HWS News
30 August 2019 • Faculty • Research Writing About Screen Media
The world of screen media has changed fundamentally in the past decades, with films, TV shows, and video games distributed in digital formats and social media and other new media engaging our attention. Associate Professor of Media and Society Lisa Patti's new book, Writing About Screen Media, offers a comprehensive overview of how to write about many different screen media in a range of writing formats.
Patti points out that although there are books that discuss writing about film, she found few that focus on the broad variety of media that exist today. "I searched for a book that would guide students through the process of learning how to write about the many different media we study in the Media and Society program as well as the different kinds of writing our faculty ask students to produce from blogs to podcasts to video essays," she explains.
Writing About Screen Media aims to fill that void, with contributions from 41 media scholars, including Associate Professor of Media and Society Leah R. Shafer, who contributed a chapter on The Short, Sweet Art of Blurb Writing. In her summary of the chapter, Shafer explains that "it provides an introduction to the blurb as a purposive text that allows writers to curate, creatively cite, and appropriate the story and style of novels, films, video games, and other screen media for potential new consumers." The book includes the work of another faculty member, Professor of Art and Architecture Nicholas Ruth, who created the print Better than Ever (2017) featured as the book's cover.
Patti wrote a lengthy introduction that provides a critical framework for the books chapters and covers general principles of writing about media. "These include, for example, the importance of taking screening notes whether you are watching a film or reading a Twitter thread," she says.
"One of the unusual aspects of the book," notes Patti, "is the audience for whom it is intended.

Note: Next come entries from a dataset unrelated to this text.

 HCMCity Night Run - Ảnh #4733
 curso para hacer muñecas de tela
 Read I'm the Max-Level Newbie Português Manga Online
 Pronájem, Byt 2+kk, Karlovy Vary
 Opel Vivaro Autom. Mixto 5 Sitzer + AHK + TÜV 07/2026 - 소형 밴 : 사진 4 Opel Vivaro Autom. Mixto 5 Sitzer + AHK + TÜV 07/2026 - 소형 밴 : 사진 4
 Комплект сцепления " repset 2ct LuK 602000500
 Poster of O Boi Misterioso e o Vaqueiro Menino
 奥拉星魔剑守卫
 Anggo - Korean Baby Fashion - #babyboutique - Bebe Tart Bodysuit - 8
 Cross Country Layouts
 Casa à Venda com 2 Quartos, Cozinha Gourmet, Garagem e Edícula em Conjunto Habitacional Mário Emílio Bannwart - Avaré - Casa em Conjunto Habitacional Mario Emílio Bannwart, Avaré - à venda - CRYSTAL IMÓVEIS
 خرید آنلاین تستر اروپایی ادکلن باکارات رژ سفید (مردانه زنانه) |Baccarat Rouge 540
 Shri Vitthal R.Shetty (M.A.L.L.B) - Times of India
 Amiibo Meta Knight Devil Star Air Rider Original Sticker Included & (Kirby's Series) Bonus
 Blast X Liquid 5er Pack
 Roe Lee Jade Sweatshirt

It is pitched to two audiences simultaneously students who are learning to write about media for the first time and established scholars and critics who want to experiment with their writing."

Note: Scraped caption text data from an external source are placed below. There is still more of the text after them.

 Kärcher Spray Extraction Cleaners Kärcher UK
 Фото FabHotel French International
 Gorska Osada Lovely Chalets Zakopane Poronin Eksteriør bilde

Patti will use the book, which is available at The College Store and Amazon, as one of the texts for her Media and Society classes this semester. "I'm looking forward to introducing students to the ideas that the contributors present," she says. Patti also launched a companion website and blog for the book at https://www.writingaboutscreenmedia.net as a resource for students and teachers.
Patti, who joined the HWS community in 2011, earned her B.A., M.A. and Ph.D. from Cornell University. She is co-author (with Glyn Davis, Kay Dickinson and Amy Villarejo) of Film Studies: A Global Introduction (2015) and co-editor (with Tijana Mamula) of The Multilingual Screen: New Reflections on Cinema and Linguistic Difference (2016).